Epeius (/ᵻˈpaɪ.əs/; Ancient Greek: Ἐπειός Epeiós) or Epeus was a mythological Greek soldier during the Trojan War or, in some accounts, one of the Achaean Leaders, at the head of a contingent of 30 ships from the islands of the Cyclades. He was also the architect of the Wooden Horse, by means of which the Achaeans took Troy; he was himself among those warriors who hid inside it.

== Family ==
Epeius was the son of Panopeus, son of Phocus and Asterodia.

== Mythology ==
Epeius had the reputation for being a giant, with enormous strength. In the Iliad he was victorious after participating in the boxing match against Euryalus at the funeral games in honour of Patroclus. Later during the funeral games for Achilles he fought Acamas, the son of Theseus, to a stalemate. He built the Trojan Horse, commissioned by Odysseus because Athena had told him in a dream she would be with him to help build it. The horse was hollow and was large enough to hold 30 Greek soldiers equipped with all their armor but Epeius made the Trojan horse so tall that it could not fit through any of the gates of Troy. The trap door of the horse was fastened with a special catch that only Epeius could undo. After constructing the massive horse, he chose the other 29 soldiers that would accompany him inside the horse. He also founded Pisa and Metapontum.

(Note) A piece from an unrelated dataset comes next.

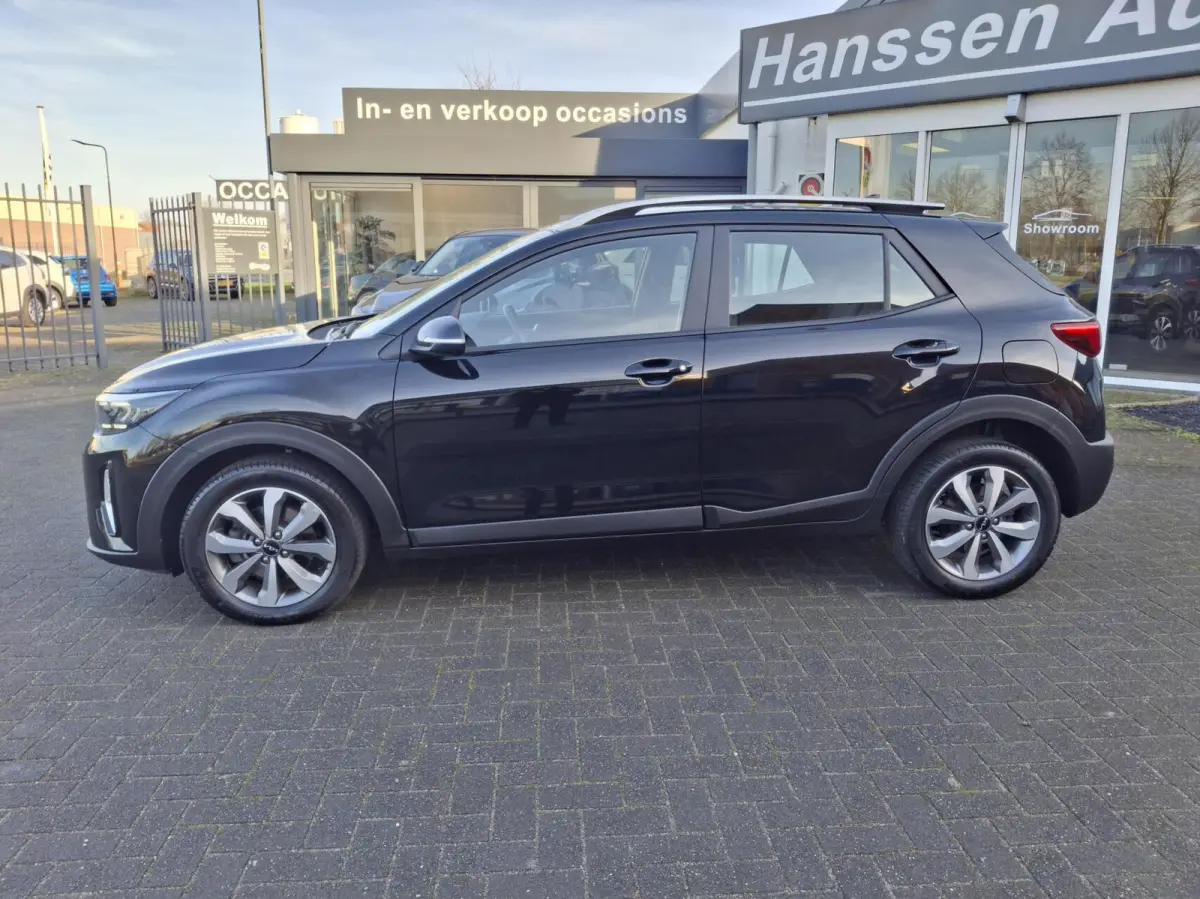 1.0 T-GDi MHEV DynamicLine ECC CAM Automaat 22.000 km10 jaar fabr. garantie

Apollodorus writes in the Bibliotheca that Odysseus came up with the plan for the Wooden Horse and assigned its construction to Epeius, who was an architect. Epeius cut down timber on Mount Ida and built the horse with a hollow interior and openings in its sides, allowing Greek warriors to hide inside.

Ancient authors write that after the Trojan War, Epeius settled in Italy and dedicated the tools with which he had constructed the Trojan Horse to Athena. The Aristotelian Corpus records that these tools were preserved as sacred offerings in Hellenian Athena's sanctuary near Metapontum.